Ukraine is empty: fewer children and residents. “Many don’t come back, it’s a disaster”

FROM OUR REPORTER
KIEV – Empty cities and especially villages, families torn apart, soldiers standing alone at the front with wives and children abroad who will not return, faltering birth rates: Ukraine is experiencing a demographic crisis of catastrophic proportions. “The collapse of the population will soon lead to very serious economic and social problems. “Putin is losing the war, but he could still win the challenge for the future of a stable and independent Ukraine,” experts say. Little is said about it in public, the problem is hot, but nobody knows how to deal with it, and the urgency of combating the Russian invasion forces us to postpone any other issue. “If the house is on fire, you must first put out the fire and only later think about what furniture to buy,” defended the members of the Zelensky government.

The mass exodus

Still, the issue seems too urgent to put off. Just look at the numbers: At the time of independence in 1991, after the implosion of the Soviet Union, Ukraine had about 52 million inhabitants. According to the 2001 census, there were 48.5 million people, down an estimated 42 in the months leading up to Putin’s February 24, 2022 invasion. These numbers are consistent with population declines across the former Soviet republics. But the worst blow came in the first weeks of the last 17 months of the war, which led to a mass exodus of women and children abroad, as the government immediately banned the exit of men between the ages of 18 and 65. And today the resident population is estimated at 28 to 31 million.

Who does not intend to return

“From 52 million to less than 30 in three decades: a very heavy loss for the country, which jeopardizes its chances of post-war reconstruction, penalizes economic normalization and ruins the pension system,” explains Alexander Demenchuk, Rector of the Faculty of Political Science in Kiev —. There are no children, so there is no future. Young, upper-middle-class women with excellent school qualifications have left. Worse still, well over half of them have no intention of returning to Ukraine. The children learn at German, Polish, Austrian, French or Dutch schools. The mothers immediately found work. The European welcome policy seemed a miracle of generosity at first, but now it is proving to be a curse.” According to Ella Libanova, a distinguished demographer at the National Academy of Sciences, all of this has had an impact on the birth rate, which has fallen to 0.7 percent is one of the lowest in the world.

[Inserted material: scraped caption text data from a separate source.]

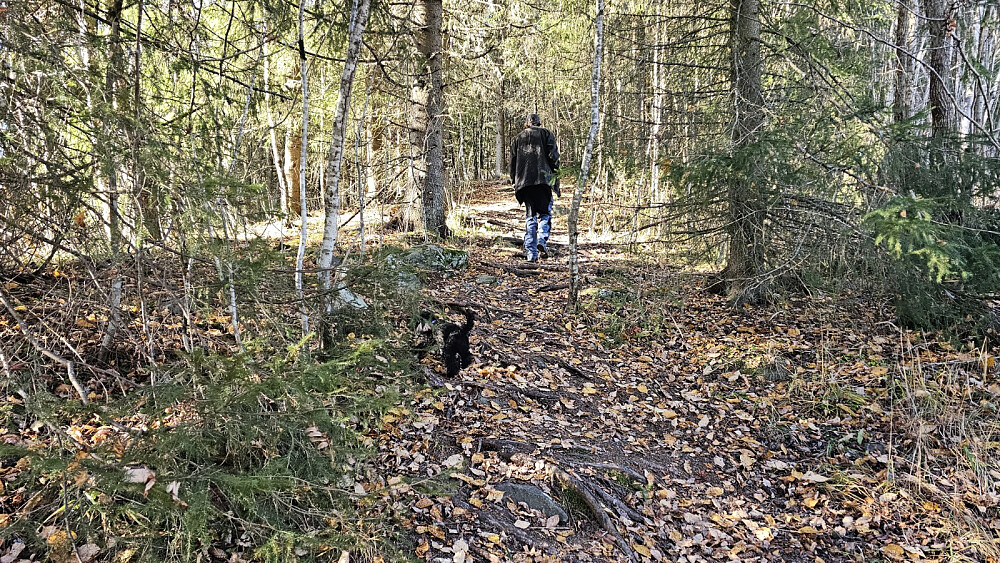 Vi startet opp bratt stien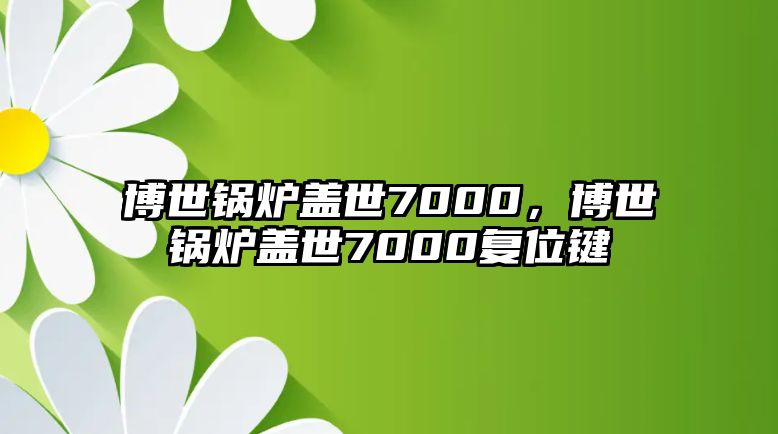 博世鍋爐蓋世7000，博世鍋爐蓋世7000復位鍵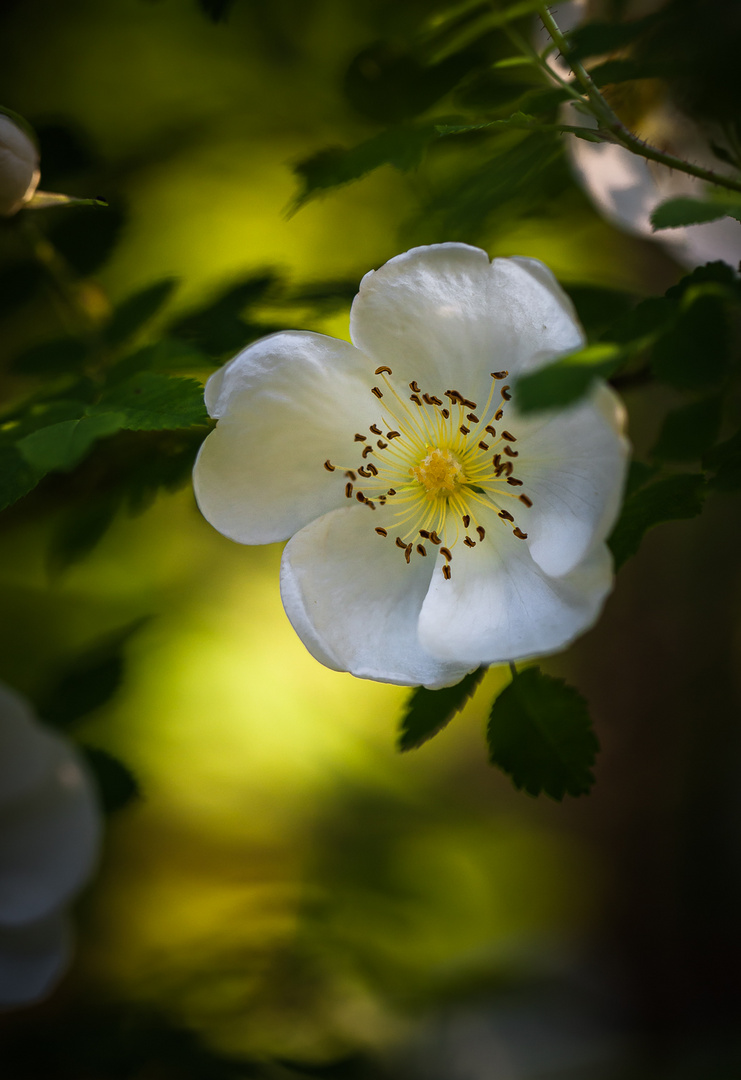 In the evening light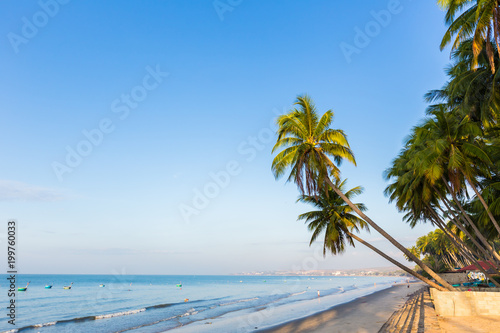 Tropical beach and coconut palms  Vietnam  Muine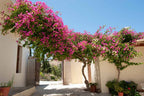 bougainvillea live plant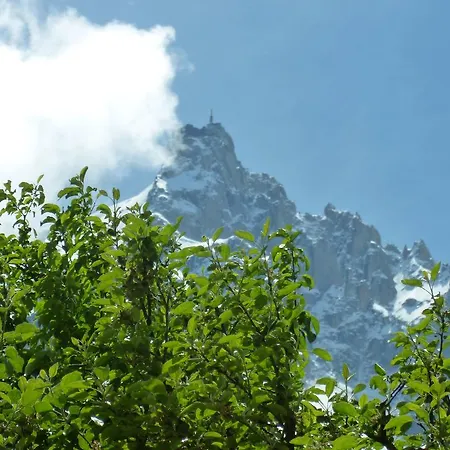 호텔 Aiguille Du Midi - & Restaurant 3*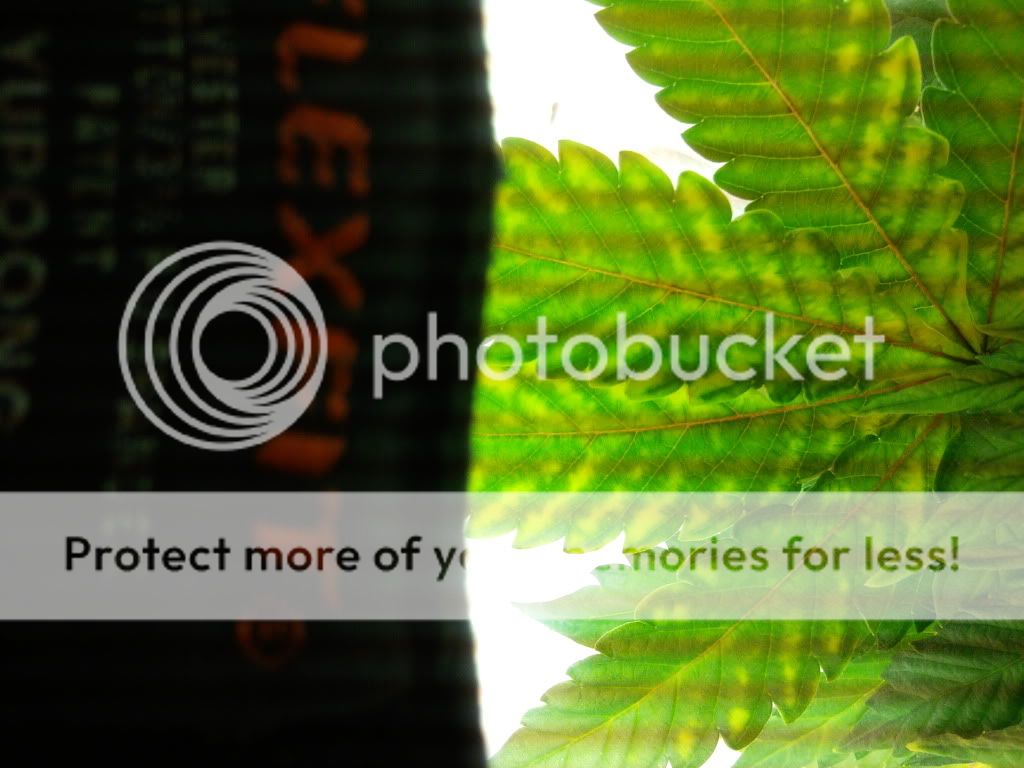 Plant3.jpg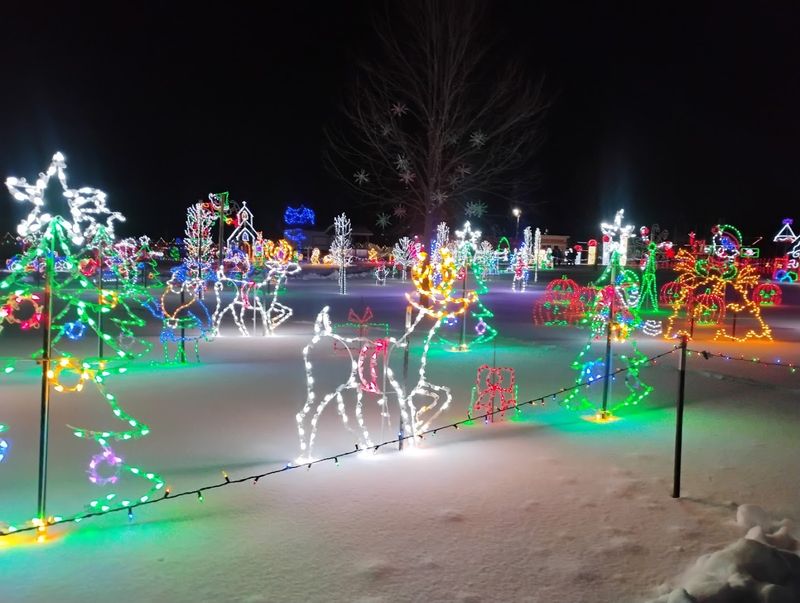 The Christmas Light Experience That Brings Families Back Every December
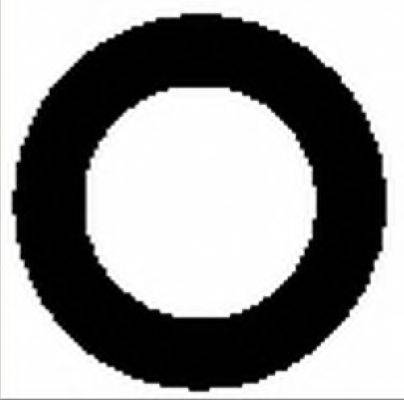 Прокладка, впускний колектор OR9313 BGA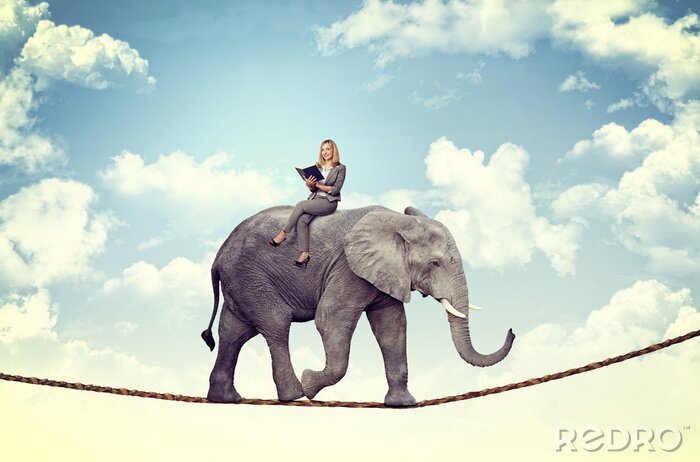 Poster  Éléphant en équilibre sur une corde raide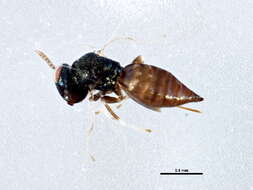 Image of <i>Lyrcus perdubius</i>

The soldiers were left alone

These are numbers that we journalists check every day. All urban centers near the Donbass are semi-deserted: only the elderly, sick and poor remain. But the problem is national. “Most of my best employees quickly found employment in Poland and France. Our industries don’t work, there is no market. None of them will come back,” says Sergei, an IT entrepreneur with offices across the country. It chances upon soldiers and officers who say they have been left alone. “My wife left for Germany with our two children aged 5 and 7 in the first days of the war. Since then we’ve gotten worse and worse. And now I found out that she found a new companion,” says Alexei, a 40-year-old sea captain stationed near Bakhmut. “The conflict will increase the divorce rate. Women leave men, but even soldiers sometimes find new companions,” says Jiulia Komar, a psychologist who studies family hardships. The debate on the question of possible returns is open. According to a recent UNHCR study, 76 percent of refugees intend to return. But Ukrainian experts remain very skeptical. “In the next two months, our government will develop a program to support returnees and try to involve European partners,” says Professor Dementschuk. His hope is that this will happen “as soon as possible”.